§ EXERCISE BRIEF
Reproduce from the records below, with no pictures, exactly the lines between the one containing "MS license plate ZOB129" and the one containing "Christian | Jacquard Cardigan med Lynlås", inclusive.

§ DATASET
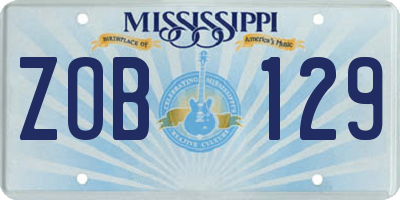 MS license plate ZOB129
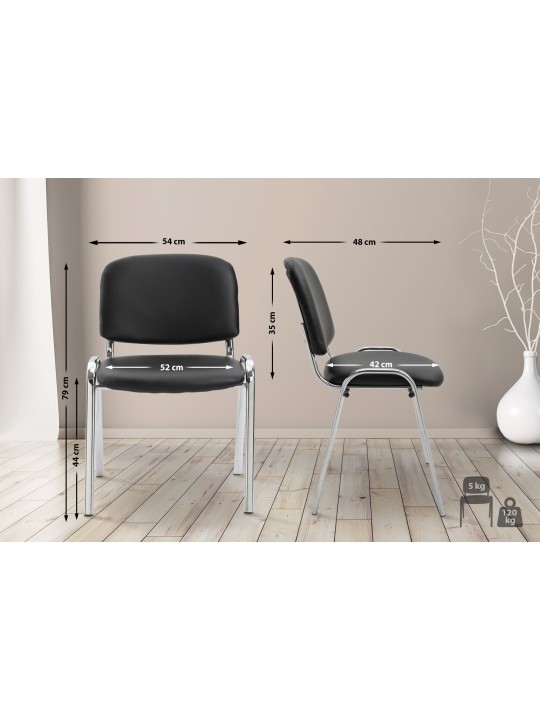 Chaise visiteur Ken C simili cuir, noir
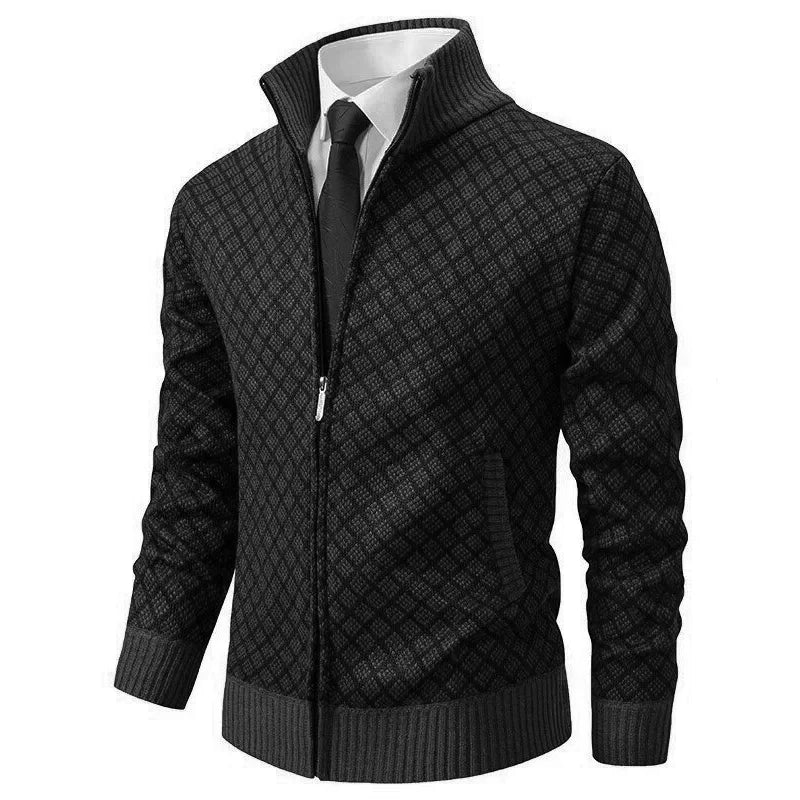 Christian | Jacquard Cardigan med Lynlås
---
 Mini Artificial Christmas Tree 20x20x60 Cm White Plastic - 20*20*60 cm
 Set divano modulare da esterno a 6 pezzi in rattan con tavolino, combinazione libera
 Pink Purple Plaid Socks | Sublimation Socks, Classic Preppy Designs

§ SOLUTION FOR THIS TASK
 MS license plate ZOB129
 Chaise visiteur Ken C simili cuir, noir
 Christian | Jacquard Cardigan med Lynlås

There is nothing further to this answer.